The Protestant idea of religious freedom is not religious freedom at all
India regularly gets listed as a country a country of “particular concern” by the US Council for International Religious Freedom (USCIRF). This institution is highly irrelevant and also has no business commenting on other countries’ religious freedoms, especially when it can’t do so in its own home country, the USA.
We must
ignore all USCIRF reports as motivated, but we must discuss the core definition
of what religious freedom should really mean, and what it has become.
The current idea
of religious freedom comes from the European experience with religious
persecution – where Catholics and Protestants fought bloody battles in the past
– and, more recently, from the American Protestant idea of religious freedom,
which is largely about the right to proselytise. America, which was initially colonised
by Protestant groups fleeing the increasing secularisation of Europe, is a
particular believer in the innate evil of pagan groups, and that their
liberation from their beliefs is part of freeing the human soul.
According to
Dr Jakob De Roover, Professor at Ghent University, Belgium, for American
Protestants, “heathen religions like that of India always tyrannise the human
spirit. Inspired by the devil, they are characterised by their violation of Christian
religious freedom. Therefore, the story continues, ‘Hinduism’ aims to
stifle the soul and subordinate the conscience to human authority (through its
caste system, for instance). Stripped of their overtly theological elements,
such beliefs entered American common sense and popular discourse about India
and her traditions. This story about ‘Hinduism’ makes it all the more obvious
to the Americans (and to others who accept this story, such as the Indian
secularists) that the freedom to escape from this religion should be safeguarded
at all cost.” (Quoted from an article
in Firstpost.com)
While not
all Protestant groups may hold such extreme views, they do believe that the
right to convert Hindus is their fundamental right. The Protestant groups
operating in India are often the ones most aggressive in seeking conversions.
In an
earlier article, I have argued that the right to propagate and convert cannot
be a fundamental right for many reasons, including the fact that it results in a
lack of theological diversity, and robs the world of philosophical ideas from
the eastern religions of Hinduism, Buddhism, Jainism, Sikhism and Shintoism, among
others.
As a general
rule, the right to religious freedom ought to be an individual right, and
an individual right only, and not the right of heavily funded church or mosque
organisations to unleash mass conversions through inducements and fraud. These
can also be socially destabilising. No one will object if one person feels the
need to convert; when this becomes a mass obsession, it can cause social havoc.
There is
also a bigger argument against conversions in the Abrahamic mould. Here if you
convert, you have to give up all ideas linked to the previous religion. How can
you call this religious freedom, when the new convert is expected to give up
all his old beliefs in toto. How is it religious freedom if accepting Jesus
means you have to give up Ganesha or Rama? Can religious freedom be a mutually
exclusive affair?
Mahatma
Gandhi, during the time he was leader of the Indian freedom movement, was repeatedly
nudged by evangelical persons to convert to Christianity because his ideas were
apparently close to that religion. But Gandhi could happily draw inspiration
from Christ’s Sermon on The Mount and from the idea of Sri Rama and Ram Rajya.

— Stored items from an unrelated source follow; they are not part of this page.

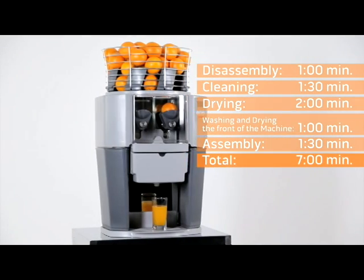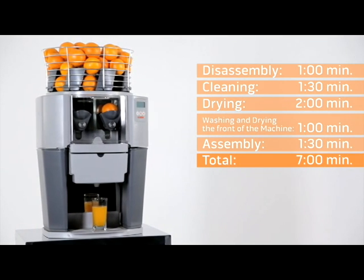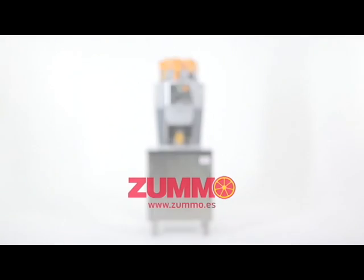To make the machine as attractive as possible, we recommend keeping it clean and the basket full of fruit, as this will ensure, due to its visibility, increased demand for juice in your establishment.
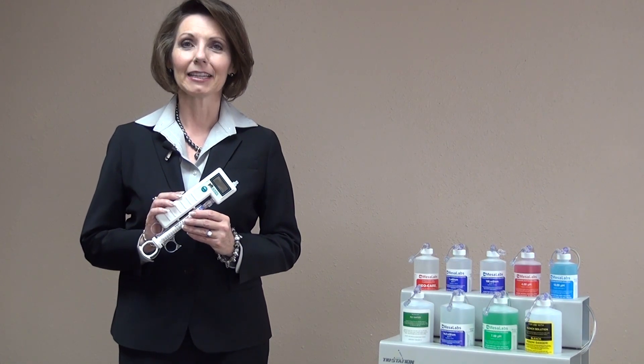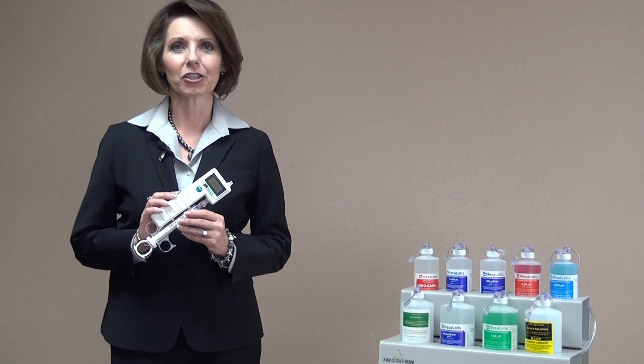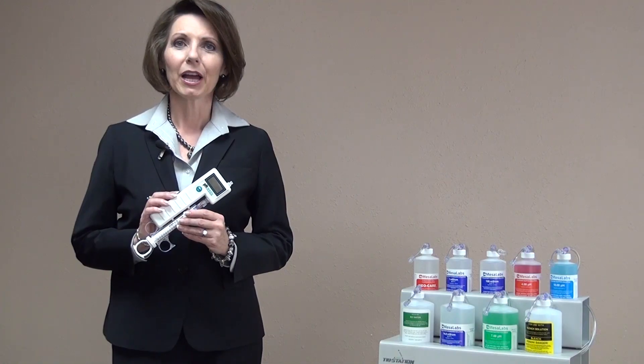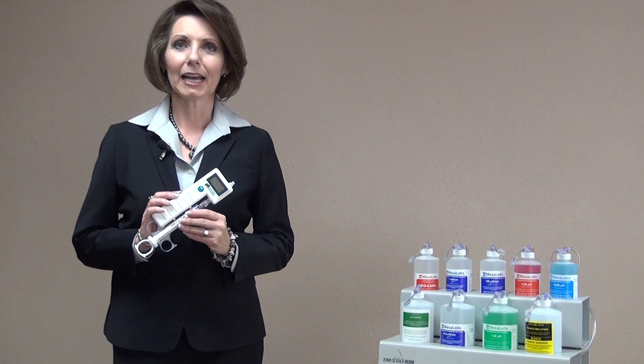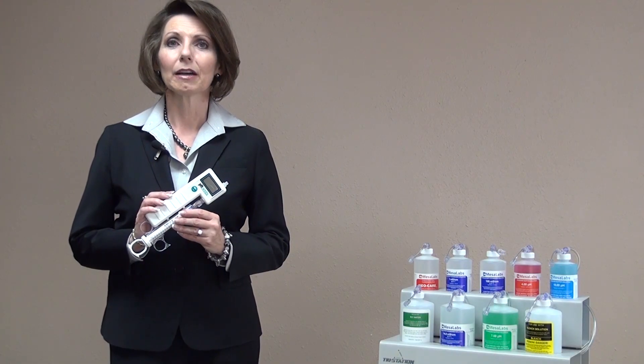In this video, I will demonstrate the Phoenix Meter Level 1 and Level 2 calibration. In order to perform the Level 2 calibration, you must first be in the Level 1 calibration mode. Therefore, I will first demonstrate the Level 1 calibration mode, and then go directly from that without exiting to the Level 2 calibration.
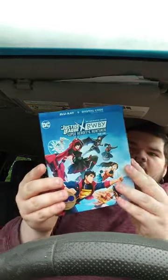Alright guys, so here it is — it is the Justice League Crossover RWBY Superheroes and Huntsman Part 1. I thought everyone was just going to do one movie of this, but I didn't know they were also going to make a Part 2.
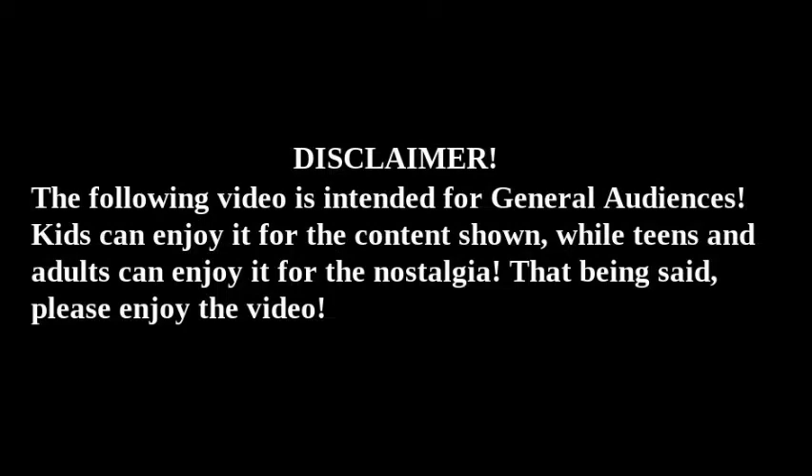The following video is intended for general audiences. Kids can enjoy it for the content shown, while teens and adults can enjoy it for the nostalgia. That being said, please enjoy the video.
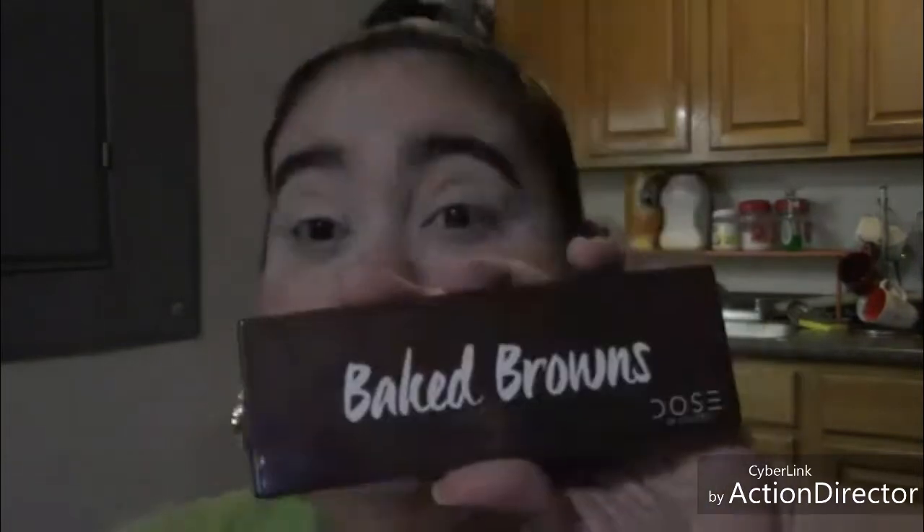Hey guys, welcome back to my channel. If you are new, welcome! My name is Maria. I already prepped my skin before camera, and I already have my eyebrows and eyelids prepped. For this look, I'm going to be using two different palettes: the Dose of Color palette, and a palette from my local beauty supply store.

In both Christianity and Islam, you have to make a clear choice: you are either
with us or just a target for conversion.
Religious
freedom should ideally mean that the individual can choose to adopt any
religious or spiritual idea from any religion, in part or in full, and not be
forced to choose a binary – either you are with me or against me. The Meos of
Mewat had become Muslims but retained many of their Hindu practices. This gave
rise to the Tablighi Jamaat, which wanted to rid them of “shirk”, or practices
not approved by Islam.
“Religious freedom”
that forces the individual to choose between ideas that are essentially
non-binary in nature is not religious freedom at all.
It is time
the world accepted the Indian idea of religious freedom and junked the one that
suits the political purposes of Abrahamic faiths.